誌面に豊富に載せられた当時の図版を克明に写真で紹介しているのが、本書の第一の売りだ。その内容がかなり高度なことに驚かされる。映画の映写機の仕組み、空の花形だった飛行船の構造、国際無線電話のネットワーク地図などが、詳しい解説付きで掲載されていた。
現にある科学技術だけでなく、未来の予想記事も盛んに書かれていた。都市の高層建築化や、電力が基幹エネルギーとなり家庭が電化され便利になるという点は見事に的中。一方、電力を得る手段として石炭火力の限界は指摘されていたが、原子力や風力などの代替エネルギーに関しては現在に至る技術の展開が見えていなかったのが印象的だ。
深く心を動かされるのが、昭和8年の三陸沖地震と津波を伝えた記事だ。テレビのない時代、誌面に掲載された多くの写真により、惨害の実際を科学面の解説とともに読者はまざまざと知ることができた。面白い楽しいことばかりですませてはいけない科学コミュニケーションの役割を、見事に果たした歴史的事例として記憶したい。

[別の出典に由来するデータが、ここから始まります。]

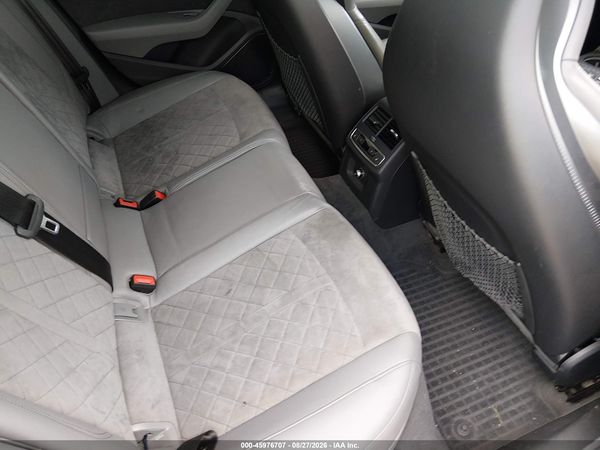 2018 AUDI S4 3.0T PREMIUM PLUS — I8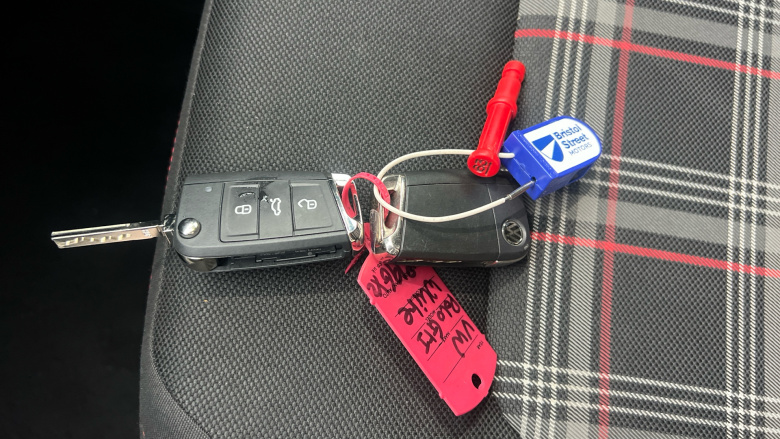 Volkswagen Polo 2.0 TSI GTI+ 5dr DSG Petrol Hatchback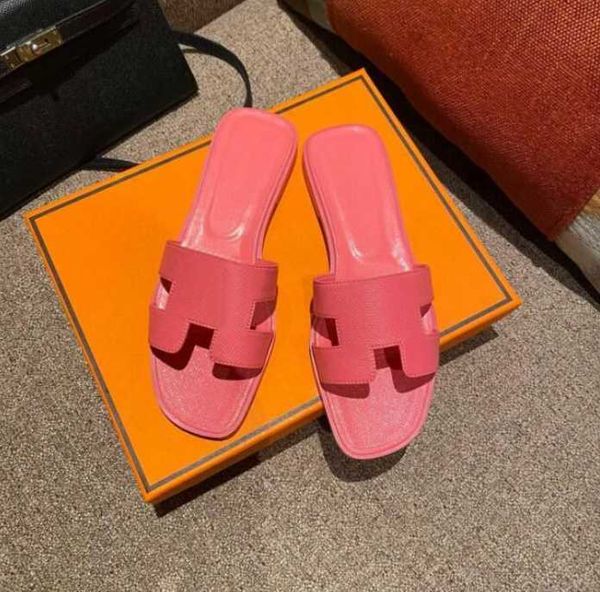 leather women sandals slide summer flats fashion flat beach womens slippers h letter slippers 35-42, Black
leather women sandals slide summer flats fashion flat beach womens slippers h letter slippers 35-42, Black
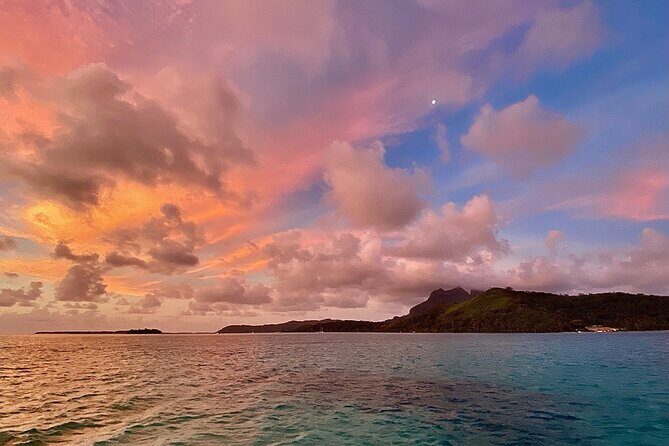 Underwater excursion to Bora Bora - Why This Tour Might Not Suit Everyone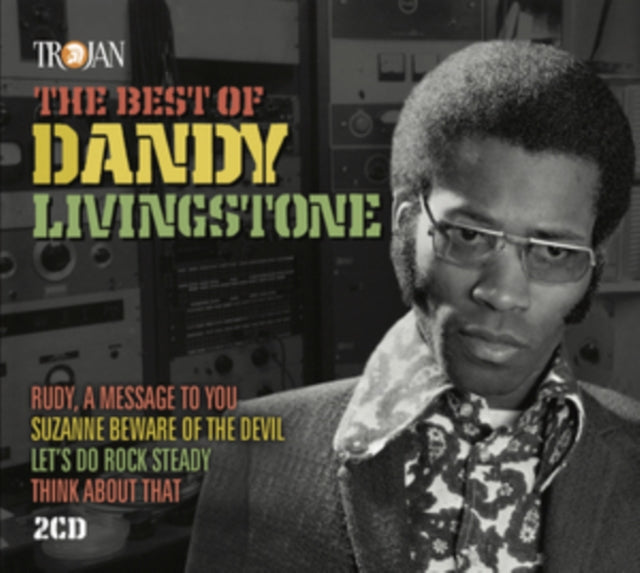 The Best of Dandy Livingstone
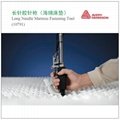 pneumatic fastening tool for Mattress, long-needle tagging gun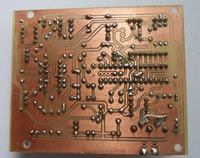 Moduł MIDI CV analogowego syntezatora muzycznego Moduł MIDI CV analogowego syntezatora muzycznego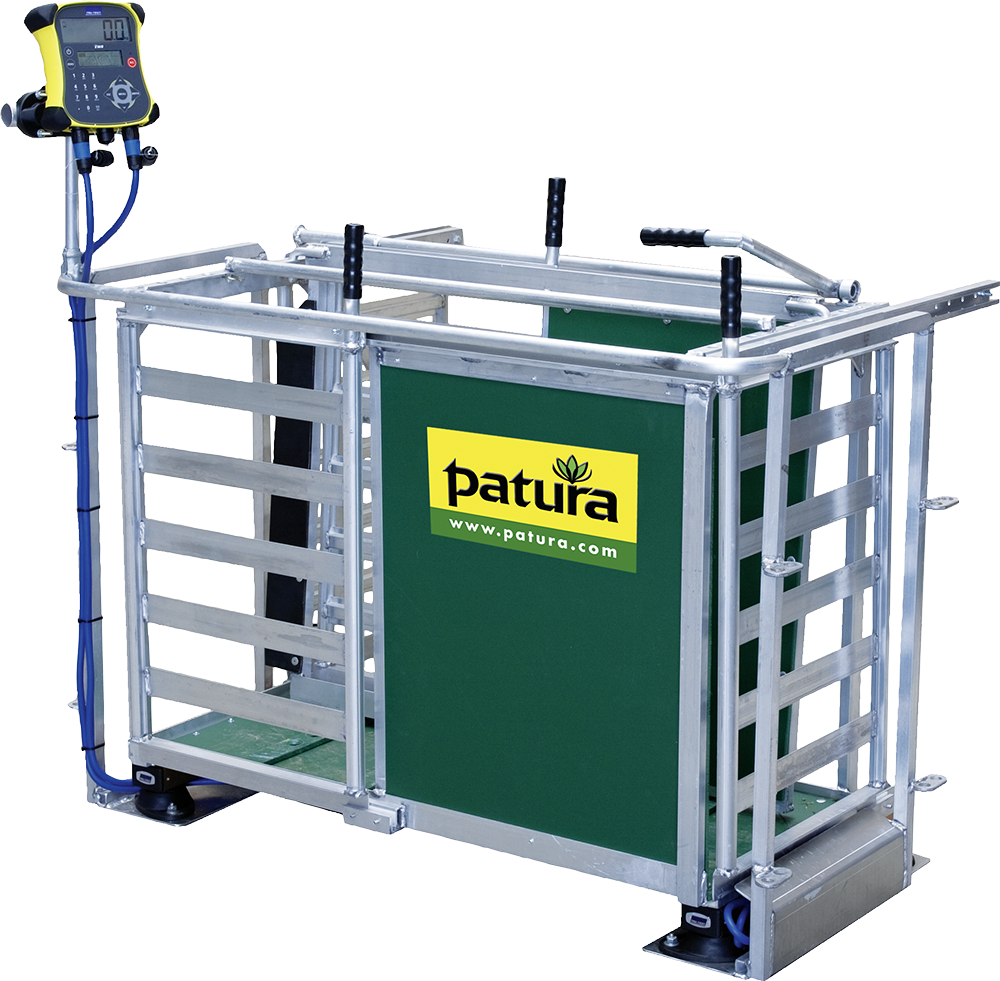 3-Wege- Wiege- und Sortierbox manuell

本書の第二の売りは、日中戦争から太平洋戦争に進む時代に、急速に増えていく軍事に関する記事をつぶさに追っていることだ。その始まりは、満州事変の翌昭和7年年頭に出た「最新科学兵器号」だったという。目次の写真を見ると軍人が書いた記事がずらっと並んでいて、異様な感じがする。その後の号では現代戦は科学力による戦争だとされ、部隊の機械化、爆弾の威力と構造、爆撃機の模型の設計図などが紹介された。表紙絵が軍隊を描くものばかりになっていくのも本書巻末の歴代全表紙一覧でわかる。
科学技術が軍事にも利用されるのを知っておく必要はある。戦争遂行に加担することなくどうそれを伝えていくか、この科学誌の次の100年を見守りたい。